Через несколько дней, в тот же самый час, я выглянул в дверь, привлеченный опасностью — а что, как меня украдет человек, от которого я убежал? Человек этот был в саду. Я различил его, едва он мелькнул за деревьями, — и бороду, и глаза, и тяжелую поступь, что-то хрупкое жалобно трещало под бременем его шагов. Он наклонился и снова стал разжигать костры. Дым смешался с печальным предвечерним туманом. Ветер раздвигал пышные ветви, чтобы я получше увидел сад, хотя уже спускались сумерки, размывая все очертания. Бесформенные громады оборачивались в моем воображении слонами, жирафами, верблюдами. Звери из листьев становились все чернее на нежной синеве небес, с которых уже глядели звезды, любопытные и маленькие, как я. Звезды читают «Богородицу», а солнце— «Отче наш», говорила мне та, кого я называл матерью. И впрямь, в тот вечер в прекрасной тишине я слышал с небесных высот такую умилительную молитву, какой мне больше слышать не пришлось.
Разрываемый смутными желаниями, я протянул руку к саду, чтобы позвать его в дом и вырезать какую-нибудь из статуй (я считал их призраками), несколько сосен, несколько водометов, тропок, домиков, с которых свисали ползучие цветы. Из одной старой гравюры я вырезал луну и комету и мог бы приклеить их к небу тонувшего во тьме сада.
— Возьми луну, сад, возьми, я тебе дарю, я вырезал их мамиными ножницами; только ты никому не говори, меня будут ругать, ножницами нельзя резать картон!

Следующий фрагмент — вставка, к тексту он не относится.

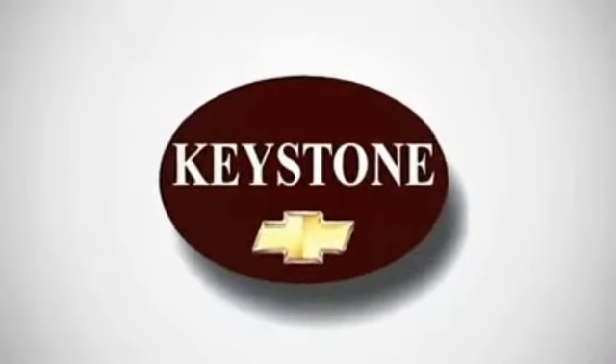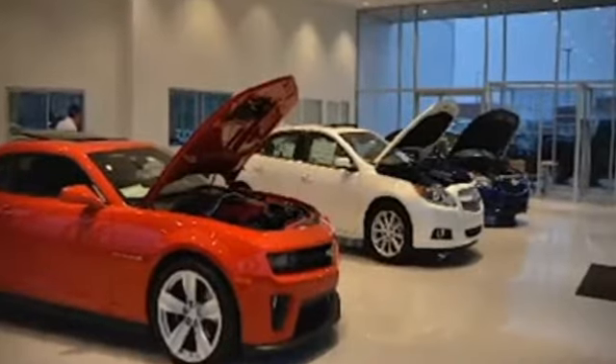Welcome to locally owned Keystone Chevrolet. We have the largest selection and the best prices. Come see for yourself.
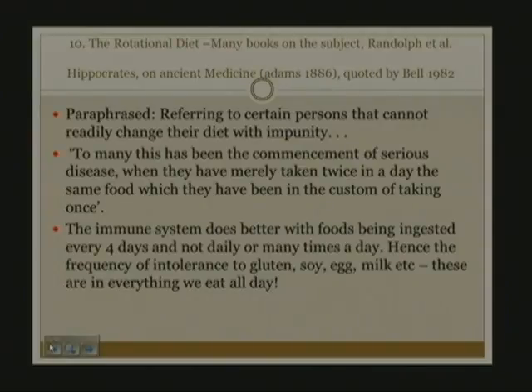Number ten is the rotational diet. There are many books on this subject and Randolph et al. has gone into great detail. Hippocrates noted that some people cannot readily change their diet with impunity—taking twice a day the same food they had been accustomed to eating once could be the commencement of serious disease. The immune system does better with foods being ingested every four days, not daily or many times a day. Given the frequency we eat certain things in processed foods, we've developed intolerances—examples include corn syrup, gluten, soy, egg, and milk.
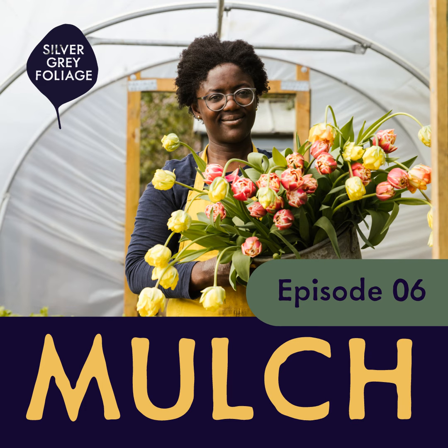So there you go — Rebecca's thoughts from Silver Grey Foliage on what we grow and why, the characteristics that I love as a flower farmer that as a gardener you may not be so keen on, and how you can do that if you are a new flower farmer. I hope that these things are really helpful and I would love it if you let me know how helpful they are either in a message, in a review, or in your stories on Instagram.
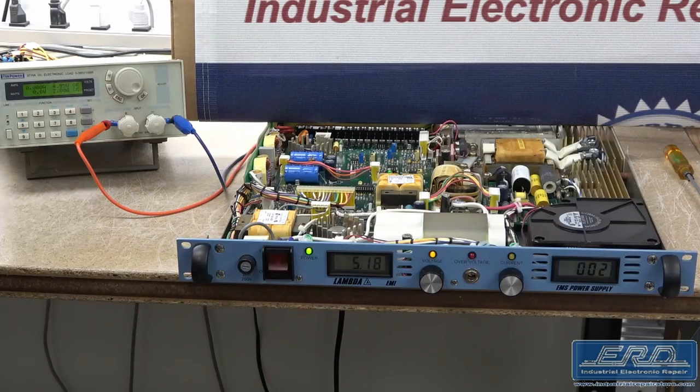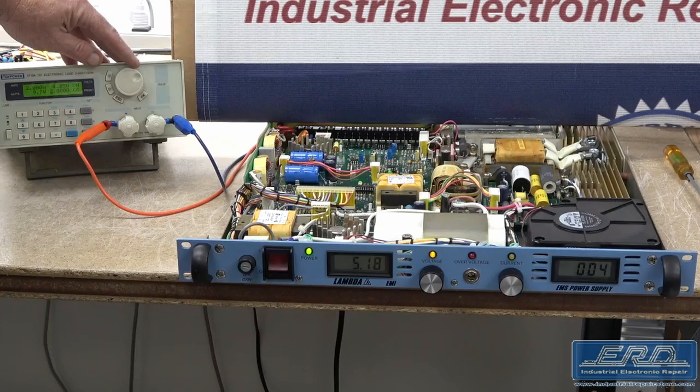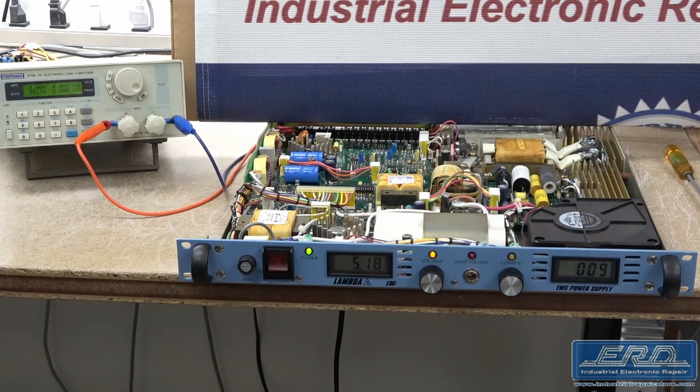The Axelis 1214460 is an OEM customized Lambda EMS 5200D1171, which has been modified for a specific Axelis tool. This rack power supply is a 5V DC variable output, with an output current capacity of 200A.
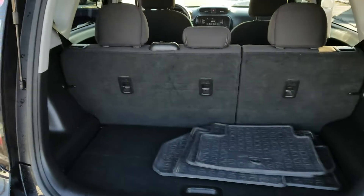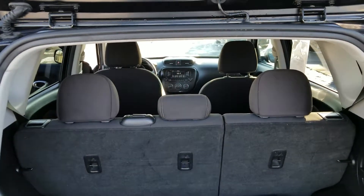Rear hatch with lots of cargo space. It's a five-seater.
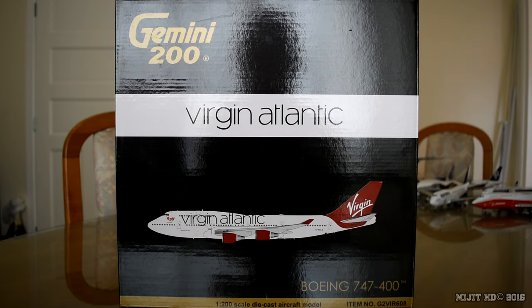Hey, what's up guys, MidgeHD here. Today I will be reviewing the Virgin Atlantic 747-400 by Gemini Jets in a 1:200 scale. Check the description in case you missed anything throughout this video — my Facebook, Twitter and Instagram links will be down there. I pre-ordered this from easytoys.com and this is my 36th 747 model and my 4th Virgin Atlantic model.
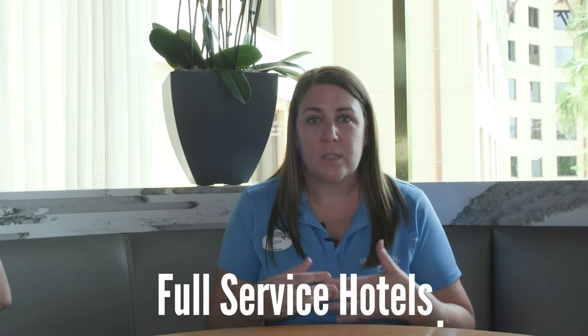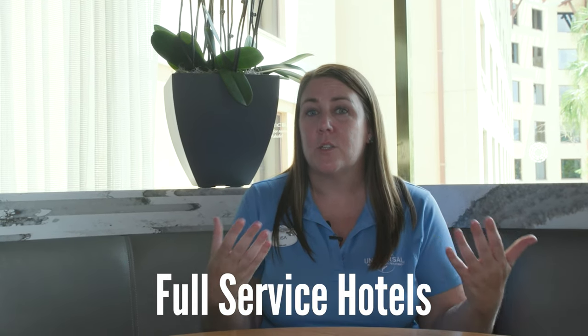Then you come up to our preferred category, which is Loews Sapphire Falls Resort — that is the first of our full service hotels. That is where you're going to have valet, bell service, concierge, and room service. So if your clients always enjoy a full service experience, you're going to look straight to a preferred or premier option.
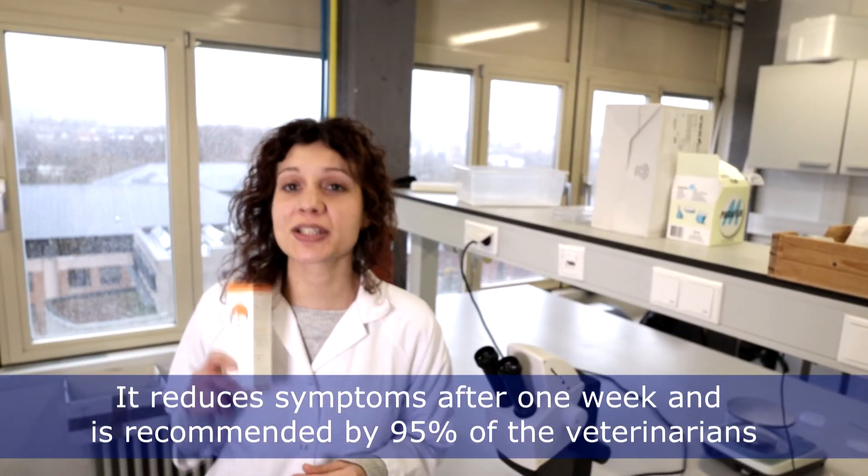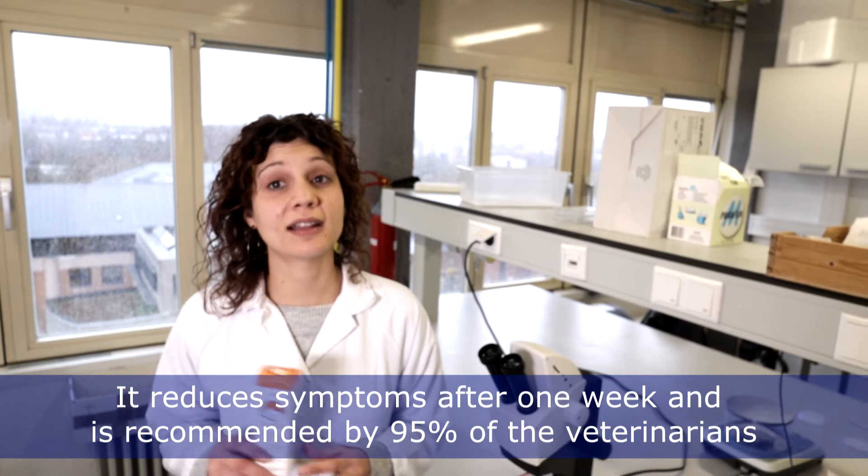Ichigo reduces the allergic symptoms after one week and is recommended by 95% of the veterinarians who have tested it. That's because our product is based on sound scientific reasoning.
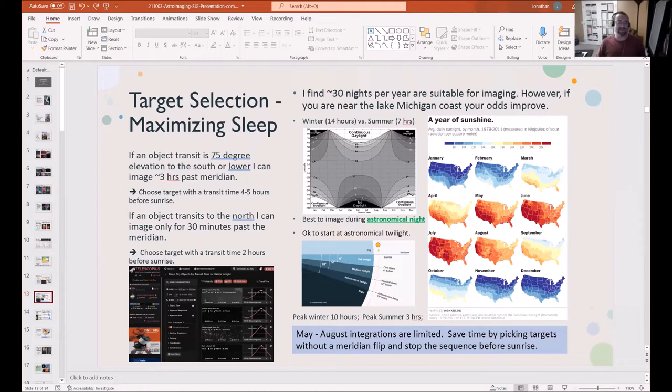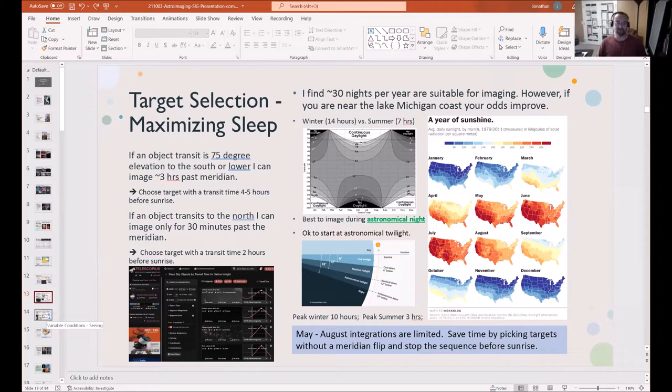In the winter, nights are long enough that you have to pick two targets because it's very rare for a single target to be above the horizon long enough. In Michigan, it has to be very far north or circumpolar. We've had a lot of clouds — sunshine graphs show the Midwest always has clouds or high moisture limiting clear sky. Those remote telescopes in New Mexico or California or Chile are why people eventually get pushed to remote services. I've only been able to image maybe 25 nights per year with good success.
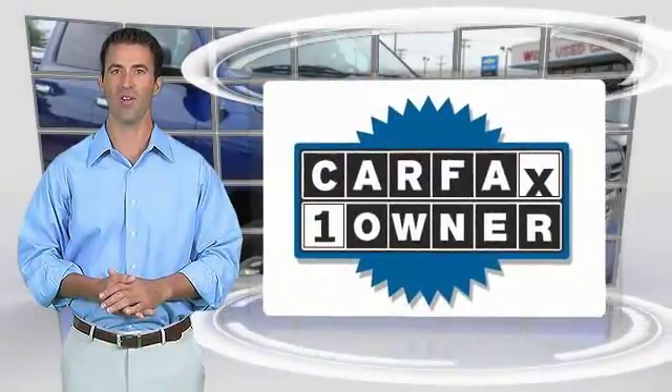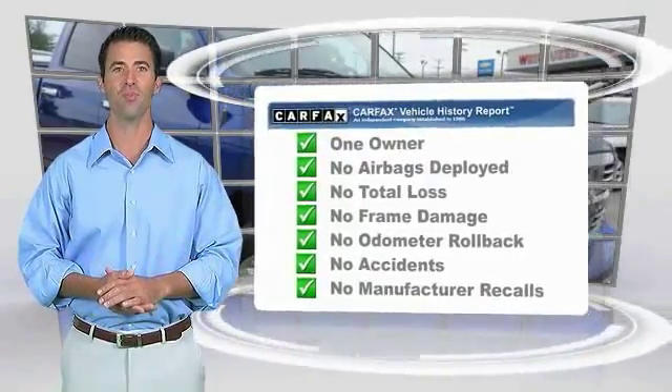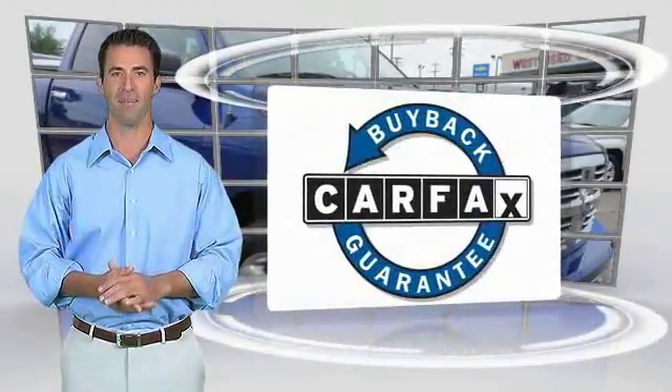This is a one-owner vehicle with the Carfax Vehicle History Report. Be sure to find a complimentary copy of this report online or contact the dealership. This vehicle qualifies for the Carfax Buy Back Guarantee.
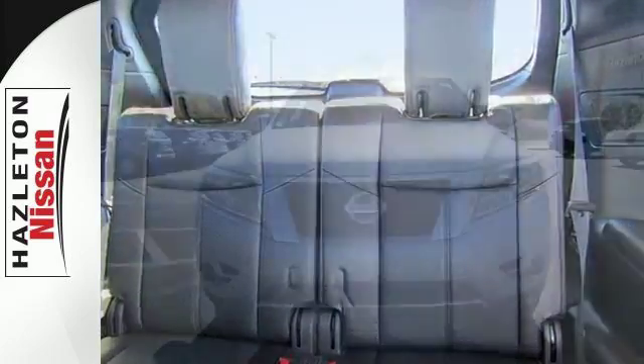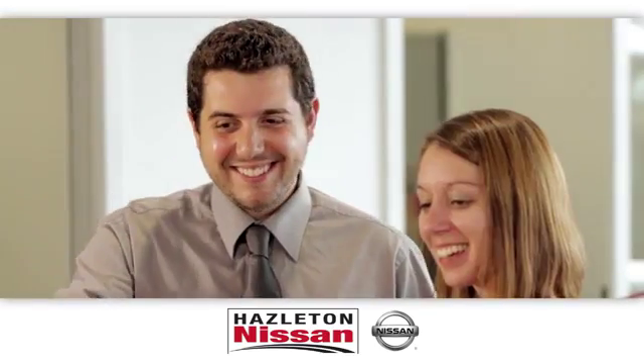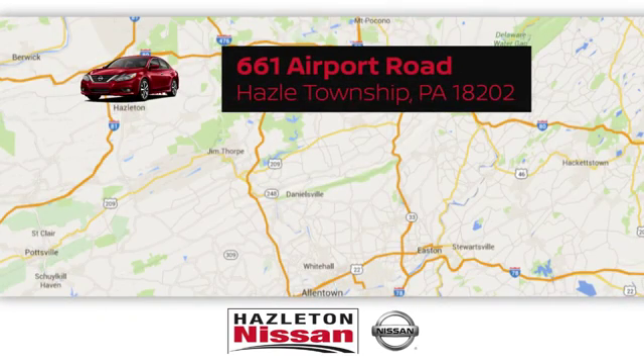Load up the family in this Pathfinder and take it for a test drive. At Hazelton Nissan, our helpful staff will assist you to search our broad inventory. We're easy to find and easy to get to at 661 Airport Road in Hazel Township, PA.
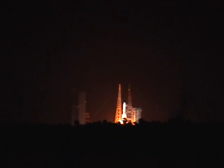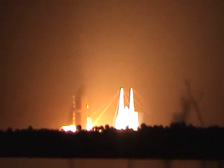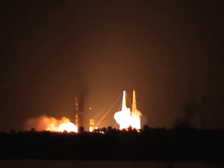T-minus 10, 9, 8, 7, 6, 5, 4, 3, 2, 1 — we have liftoff.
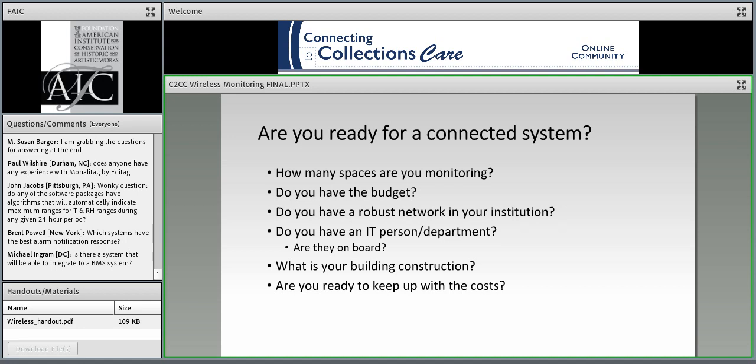Some important things to consider in deciding on a connected system: the time savings should really be beneficial if you're monitoring a number of spaces. The budget for wireless systems—certainly the more robust ones—is definitely more expensive, with Bluetooth loggers on the lower end of the budget scale. Having an IT person to help, especially with the bigger systems, is really essential. Remember the other ongoing costs: updating platforms, apps, mobile devices, and cloud storage are definitely more of an issue than with single standalone loggers.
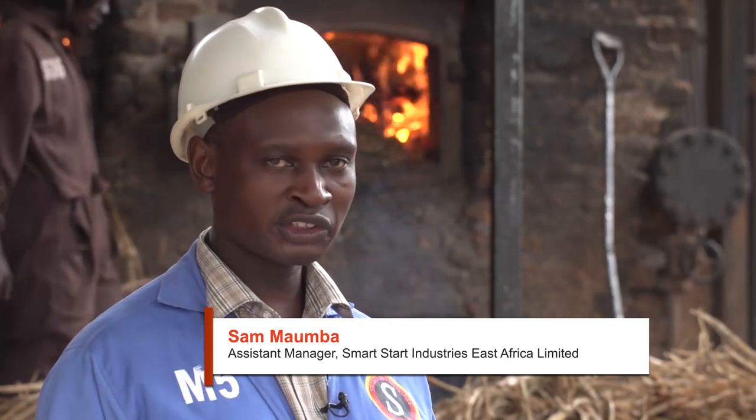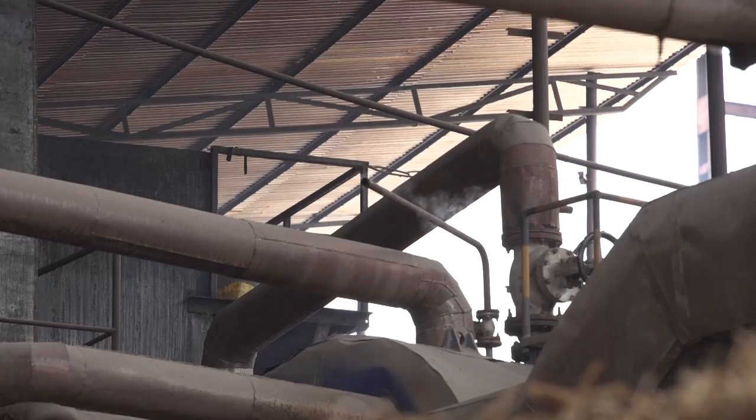Behind me, you can see another section where we use a conveyor to feed the boiler system, especially for fine particles like fine coal.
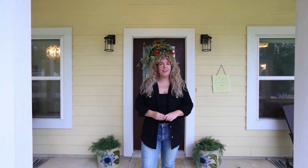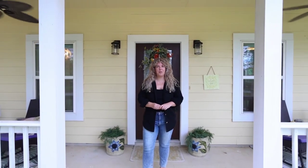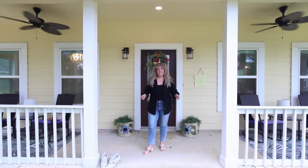Do you hear that? Neither do I. Welcome to this quaint country cottage in the heart of downtown Waller at 2315 Dewey Street. Let's take a look.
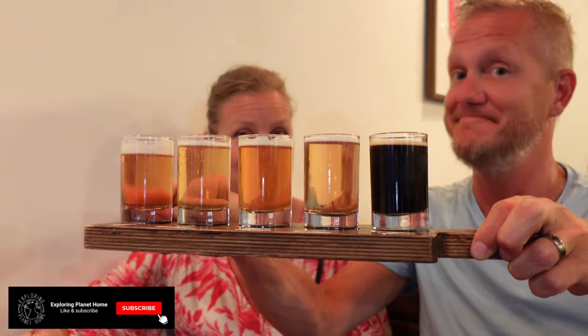This place has a tasting tray with five beers. We need to pick two of them to be fair with the tasting. So we have an IPA, a sour, and a stout.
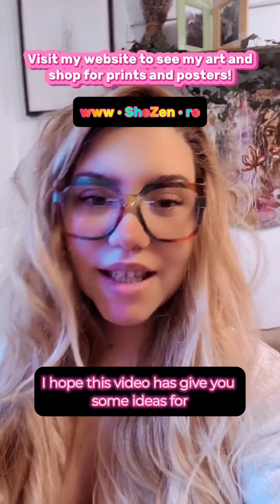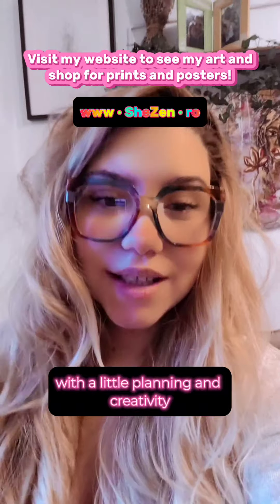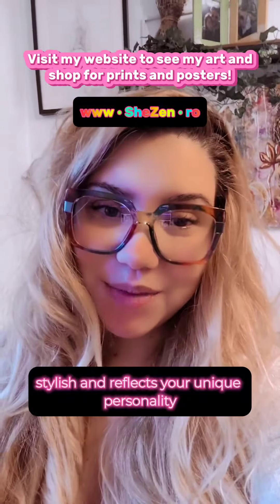I hope this video has given you some ideas for how to use prints and posters to decorate your home. With a little planning and creativity, you can create a space that is both stylish and reflects your unique personality. Thank you.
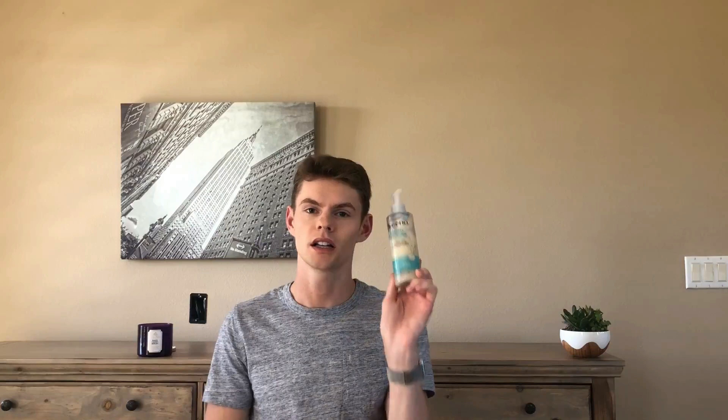Hey everyone, welcome back — it's Zach. In today's video I'm going to be doing a review of this Aveeno Calm to Restore Nourishing Oat Cleanser. I've already done a review of the serum and the moisturizer from this line, so now it's time to finish it off with the cleanser.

Я протянул руку туда, во мглу, и не закричал потому, что онемел от страха. Кто-то взял меня за руку и сунул в нее цветок. Я рассмотрел подарок; да, меня взяли за руку, только чтобы сунуть Цветок меж пальцев. Он был нежен, как надушенный лоскутик, пахло от него каким-то дивным деревом, и странный запах напомнил тот дух, который оставался, когда моих матерей не было дома.
Всем своим детским сердцем я чувствовал, когда они возвращались, хотя услышать мог только шелест старого шелка и тихие жалобы на нехватку денег или на то непонятное, что сами они, призывая Бога, называли «разбитым сердцем». Я спросил цветок:
— Почему ты молчишь? Все равно я знаю — ты пришел на мой зов. и теперь я должен сделать то, что обещал саду, ты ведь от него Возьми луну!..
Я вынул картонный месяц из кармана, в котором едва помещалась монетка, и протянул его цветку.
«У цветка есть месяц, — думал я, повторял, повторял и запутался:-У месяца есть цветок!.. Нет, у цветка месяц!.. У месяца цветок!., месяц, цветок, цветок, месяц…»
Я бы с ума сошел, у меня голова шла кругом, слова «цветок-месяц», «месяц-цветок», «цветок-месяц» вращались юлою, но тут меня окликнул голос, такой хриплый, что я подумал: «Это ревут львы на дверях».
— Как тебя зовут? — спросил человек, разжигавший костры.
— Как зовут? — переспросил я. Особенно страшно стало, когда я увидел, что он сосет уголек, бесовский леденец, и выпускает дым из ноздрей, как паровоз из трубы. Немножко успокоили меня пуговицы на его рубахе. У него есть пуговицы, есть рубашка, — значит, не такой он плохой. Пуговицы, рубашка… рубашка, пуговицы… пуговицы, рубашка… Я снова запутался, как с цветком и месяцем, но человек, разжигавший костры, заговорил опять.
— А что с цветком? — спросил он.
— Я его отдал месяцу, — ответил я, торопясь от страха.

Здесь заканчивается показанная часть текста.